C++: Return by reference to return by value

Question

I've been reading Myers book and came across the item on returning by reference/pointer vs by value. The point is, if our function for example is like this:

ClassA& AddSomething(ClassA classA)
{
  ClassA tempClassA;
  //... do something on tempClassA
  return tempClassA;
}

This would not work because we are returning a reference to a object that was created on the stack and it is dead now that the function is done.

He gives two solutions:

1. Using a local static ClassA inside the function. This has its problems but atleast we can be sure that object exists.

2. Return as an object:

    ClassA AddSomething(ClassA classA) { ClassA tempClassA; //... do something on tempClassA return tempClassA; } 

Now if I'm to do:

ClassA obj1;
ClassA obj2 = AddSomething(obj1);

My confusion now is, when executing this line:

1. A 'copy' of tempClassA is made and passed to the copy constructor of ClassA (to initialize obj2)? OR
2. tempClassA is passed itself to the copy constructor of ClassA, because copy constructor takes a reference.

So basically, whats passed to the copy constructor is a reference to tempClassA (which was created in stack inside the function) or a reference to a copy of tempClassA.

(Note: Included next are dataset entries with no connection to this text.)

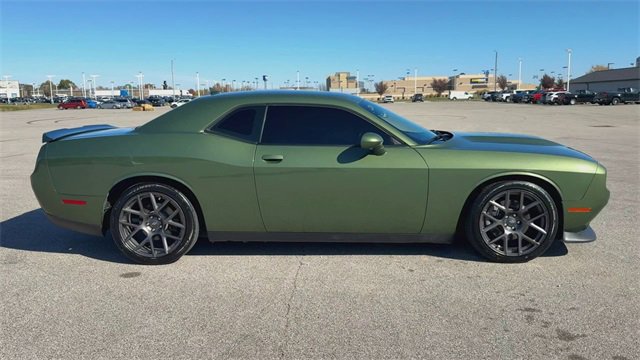 Used 2019 Dodge Challenger R/T w/ Driver Convenience Group image 9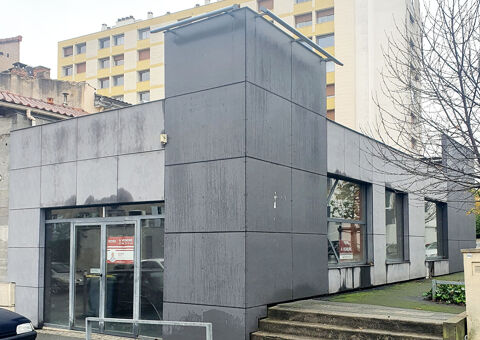 MURS COMMERCIAUX AVEC POTENTIEL EXCEPTIONNEL : 146 m&sup2; + EXTENSION POSSIBLE 234200 63000 Clermont ferrand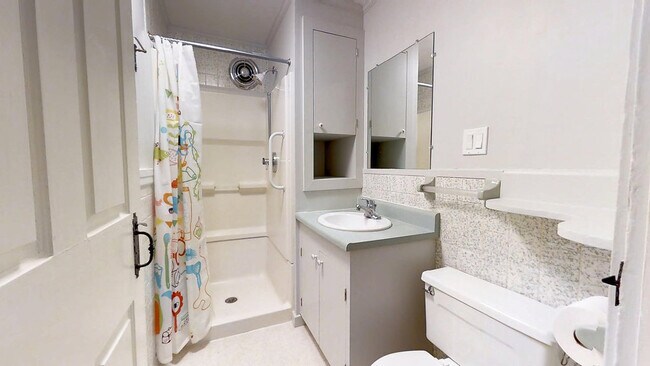 Building Photo - 7 Warren St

Also, another question I have is, I have read that if I get a reference of a function local variable, in that case the local variable will not be deleted. For example,

ClassA & classRef = AddSomething(obj1);

In this case, if AddSomething() is returning a reference, then classRef not be pointing to a deleted reference because the local variable will be retained. Have I understood this correctly?

Answer 1

At worst, you're right: a copy of tempClassA is passed to the copy constructor. But compilers are allowed to eliminate that copy and construct the result in place form tempClassA . This is known as the "Return Value Optimization", or RVO. I don't know of a compiler that doesn't do this.

Answer 2

When an object is returned by value, there are two copies taking place: one from the local variable into the return value, and one from the return value into the target object. However, the implementation is allowed to elide one or both of these copies; this is called return value optimisation (RVO) in the first case, and copy elision in the second.

Object some_function() {
    return Object();    // copy Object() into return value; candidate for RVO
}
Object another_function() {
    Object obj;
    return obj;         // copy obj into return value; candidate for NRVO
}
Object result = some_function();   // copy return value into result; candidate for copy elision

The second function above is a candidate for a refinement type of RVO called named return value optimisation; the simplest form of RVO applies only to return statements that construct the return value inplace.

Regarding your second question, lifetime extension only applies to const references to objects returned by value; your code in the second question will not extend the lifetime of any object. See Returning temporary object and binding to const reference for more details.

Answer 3

You can never return a function local variable by reference. It would NOT work even if you used const reference to capture the returned value like this:

const ClassA& classRef = AddSomething(obj1);

Because if AddSomething returns a local object by reference, it'll be a dangling reference to a non-existing object by the time classRef gets to reference it.